First of all – your articles are AMAZINGLY helpful. Just thanks. Thanks so much. But secondly, you didn’t REALLY paint over a page from The Hobbit did you !?!! 😉
Nah, I found the text online and printed it out. And you’re the only person to have said a word about it! I debated about what text to use, didn’t want to do Lorum Ipsum. I figured how can anyone go wrong with Tolkien? 🙂
Thank you all for your comments. It’s so gratifying to know that this information is helpful for you. It makes it all worthwhile! 🙂 Just so you know, I’m looking into a second phase of these tests. Several people have contacted me about their very different results with Maya Gold and we’ve had some confusion over the bottled vs the jarred Lumiere. So new jars of each are on their way to me now (thank you Trish and Sue!!) and I’ll try those again. You’ll be the first to know of my results!
thank you so much for running these “tests”. I print off your information and put it in one of my “go to” binders.
I think you’d find that Golden brand is excellent if you used the heavy-bodied acrylic instead. The fluid version of the paint is designed to be transparent. I love it for mixed media backgrounds over printed paper to let some colour shine through.
I agree. I was trying to compare similar products. I always tend to think of the heavy-bodied acrylics as more of a fine-art material. But you’re absolutely correct that they have much better coverage. I should probably compare them as well. Personally, I find them a bit rubbery and they tend to peel off. At least for me. Looks like that’s something I need to test further, eh? 🙂
Thank you, Ginger – this is really useful!
Just wanted to add my ‘Thank You’ for all you do for us to the comment area. Such a great source of information:)
Thank you for all the research, Ginger. Just one question – how did you get the paint out of your pasta machine after the ‘failed’ crackle tests?

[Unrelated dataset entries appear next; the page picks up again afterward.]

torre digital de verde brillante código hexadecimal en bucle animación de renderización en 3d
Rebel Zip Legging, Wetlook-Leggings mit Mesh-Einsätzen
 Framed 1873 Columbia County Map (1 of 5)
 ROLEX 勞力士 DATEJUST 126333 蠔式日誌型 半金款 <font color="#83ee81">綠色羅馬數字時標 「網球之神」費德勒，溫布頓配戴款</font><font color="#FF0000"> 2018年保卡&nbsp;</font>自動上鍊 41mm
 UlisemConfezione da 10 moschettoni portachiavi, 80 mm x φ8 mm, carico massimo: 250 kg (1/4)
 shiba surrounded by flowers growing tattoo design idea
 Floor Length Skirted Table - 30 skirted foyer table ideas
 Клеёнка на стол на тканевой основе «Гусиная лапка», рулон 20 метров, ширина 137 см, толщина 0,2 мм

Luckily, it sort of wadded up like rubber cement and I could pick it out. Also, I have removed the “fenders” from my pasta machine so I have better access to the rollers. But even then I had to use dry paper towels to pull it off and then alcohol on another paper towel to dissolve what was left. Icky and sticky for sure.
I can tell you from experience that Luminarte Silks are tricky to use. It won’t say anywhere on the container but they take 72 hours to cure, and even then you may run into trouble with color coming off the object that has been painted. The only way I’ve gotten the color to be stable is to spray several coats of PYM II spray, and even then, certain colors just won’t quit bleeding. I tested a painting I did after I saw your post, one that I know I did not spray with an acrylic fixative, and color still comes away on a damp paper towel. It’s too bad. The colors and luminosity of the paints are fabulous.
I meant to add that that my painting was from 2013.
They are gorgeous paints. But I am not surprised to hear this, actually. Another product from LuminArte, the Primary Elements, are powdered mica and pigment that are fantastic for use in many paper arts. They’re just the pigment without the binders. But the dye particles in them seem to continue to “bloom” and watercolors done with them act like those painting sets we used as a kid with the printed panels of paint on paper. Or those coloring books where you just add water? Remember those? I think the same pigments are used in the Silks. I bought the Primary Elements for use with polymer, but I can’t get over the fact that even Varathane doesn’t seal them very well. Color everywhere! I think the 72 hours to cure bit is because of the acrylic…think of house paint and how it is easy to peel the first few days. But the pigment would still be there, so even years later (as you’ve found), they’ll still bleed. So frustrating. But I guess that’s just the way it is. Perfect for paper, not so much for polymer.
As so many have said before me – This is fabulous. And thank you so much!